In a commentary titled Next-Gen Financial Advice: Digital Innovation and Canada’s Policymakers published by the CD Howe Institute, author Chuck Grace called for policymakers to get ahead of the impending transformation in financial advice by clearing regulatory hurdles to that change.

“Our current regulations per se are not a barrier to this next generation of advice – but our regulatory practices are,” said Grace, a member of the finance faculty at Western University’s Richard Ivey School of Business and 35-year veteran of the Canadian financial services industry.

Companies are already making progress in using technology to automate certain processes, such as client onboarding, because there are no regulatory impediments to that work. Regulators surveyed for the research said they weren’t overly concerned with the perceived lack of audit trail with digital advice.

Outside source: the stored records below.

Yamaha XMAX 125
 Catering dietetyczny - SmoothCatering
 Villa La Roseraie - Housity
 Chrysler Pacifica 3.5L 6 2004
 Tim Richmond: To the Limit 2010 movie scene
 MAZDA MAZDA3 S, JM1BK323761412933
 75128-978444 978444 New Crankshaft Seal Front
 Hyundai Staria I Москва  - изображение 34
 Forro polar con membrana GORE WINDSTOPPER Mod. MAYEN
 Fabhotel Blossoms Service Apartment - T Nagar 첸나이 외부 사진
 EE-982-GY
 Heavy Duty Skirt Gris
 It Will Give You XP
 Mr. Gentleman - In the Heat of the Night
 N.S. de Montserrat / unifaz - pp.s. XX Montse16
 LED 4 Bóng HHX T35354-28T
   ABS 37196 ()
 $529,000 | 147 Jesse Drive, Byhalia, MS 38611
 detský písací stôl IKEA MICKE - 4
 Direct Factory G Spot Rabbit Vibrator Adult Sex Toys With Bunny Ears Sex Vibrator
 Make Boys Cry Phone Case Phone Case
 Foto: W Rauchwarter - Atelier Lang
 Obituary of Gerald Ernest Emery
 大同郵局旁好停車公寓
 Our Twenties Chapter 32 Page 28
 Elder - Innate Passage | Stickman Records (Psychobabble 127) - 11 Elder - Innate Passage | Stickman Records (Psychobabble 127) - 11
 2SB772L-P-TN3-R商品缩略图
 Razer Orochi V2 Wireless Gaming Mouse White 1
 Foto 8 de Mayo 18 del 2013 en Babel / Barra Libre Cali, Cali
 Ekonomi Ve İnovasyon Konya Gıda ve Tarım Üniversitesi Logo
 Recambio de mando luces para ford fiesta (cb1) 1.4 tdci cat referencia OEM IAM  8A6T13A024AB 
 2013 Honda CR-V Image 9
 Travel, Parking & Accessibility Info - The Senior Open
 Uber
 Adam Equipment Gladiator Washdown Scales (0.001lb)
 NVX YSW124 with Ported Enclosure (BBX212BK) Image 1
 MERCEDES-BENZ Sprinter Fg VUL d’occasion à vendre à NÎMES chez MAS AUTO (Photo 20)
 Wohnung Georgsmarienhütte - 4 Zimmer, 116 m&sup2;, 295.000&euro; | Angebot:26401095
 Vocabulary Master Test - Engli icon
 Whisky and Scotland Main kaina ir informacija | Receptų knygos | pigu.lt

“Regulators we spoke with generally felt the adoption of digital technologies was more of a business issue than a regulatory one,” Grace said. Just as it has been up to firms to figure out which regulations govern changes to their business models from a human-centric point of view, they felt tech-based changes should proceed the same way.

But other industry stakeholders pointed to three main exceptions that had to be considered by regulators before next-generation digital advice could move forward. First, they noted that digital strategy relies on data, but tech-reliant firms can’t access the data they need today to create the right solutions. Open data is necessary for algorithms to work in a legitimate and verifiable way. “This poses a challenge in terms of privacy and security issues, but also an opportunity for regulators to encourage innovation,” Grace said.

Another issue arises from fulfillment. It is possible to develop platforms that deliver prudent advice, Grace wrote, but they can’t always execute on the plan. Regulatory silos between product regimes — securities and insurance, for example — create tremendous complexity in implementing a holistic recommendation. That means to remain compliant, digital firms’ trade engines must have permission for an electronic handoff between regulatory regimes.

Finally, firms today must work within and across the current regulatory silos, which are “complex, slow, and expensive to navigate.” Financial services companies are governed by regulators on both federal and provincial levels, with further segmentation occurring with respect to industries and products. That creates a significant barrier and cost delivering solutions that are broad enough to be multifunctional while considering the entirety of a person’s personal financial circumstances and needs.

Grace called for policymakers to take the lead and get in front of innovations by moving swiftly toward open banking, breaking down regulatory silos, updating advisor proficiencies for a new normal that requires technical skills, and de-risking innovation for both start-ups and incumbents.